Fly neck. Did you know flies had necks? Did you know that they are beautiful? Single shot taken at x200
He sells snails shells from the garden floor. Just the shell from a long dead garden snail. Taken using normal transmitted light a 2mm snail shell at x 80 magnification. A composite about 1400 images made up of 20 stacks, each stack about 70 images deep. It can printed up to 85 cm square.
Three Strands of Huxley’s Hair
I can will undertake portraits of hair for £250, I will just need a locket of your or your loved one’s hair.
Three Strands of Jack’s Hair
My son’s (macroscopically red) hair. The image was taken through crossed polaroids. Only light that has been twisted by the keratin in the hair is visible. Hair has three parts, medulla in the middle, cortex around this and cuticle around that. These three parts have been made visible in the three colours of the central hair in the image. The image was originally photographed at x200 magnification and the central hair is 64 microns or 0.064mm wide.
Triangle , crossed polars.
A triangle formed by three strands of my hair.
Blue and Gold Maccaw feathers kindly obtained through a collaboration with https://sheprethwildlifepark.co.uk/
Here at x100 via transmitted polarised light.
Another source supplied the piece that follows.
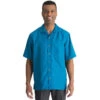 Edwards Jacquard Batiste Camp Shirt -All Seasons Uniforms Shop ED1030 1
Blue and Gold Maccaw, this time x200, again polarised light, but this time using a wave retarder which shifts the colours illuminating and transmitting throught the feathers.
Again the Blue and Gold Maccaw feather but this time normal relfected and transmitted light. Here you can see both scales of the barb and its structural (non-pigmented) blue colour this time a close up at x400.
Wolf Spider. The eyes have it.
This hunting spider has eight eyes as well as eight legs. Two big front facing to give binocular vision for judging distance. The two on each side of the head are to spot birds and other predators, mainly motion.
As to the small four in a row, I’ve still yet to read good information. They do give it a formidable look though….
The spider was about 7mm and the image is contructed from about 1400 images using reflected light.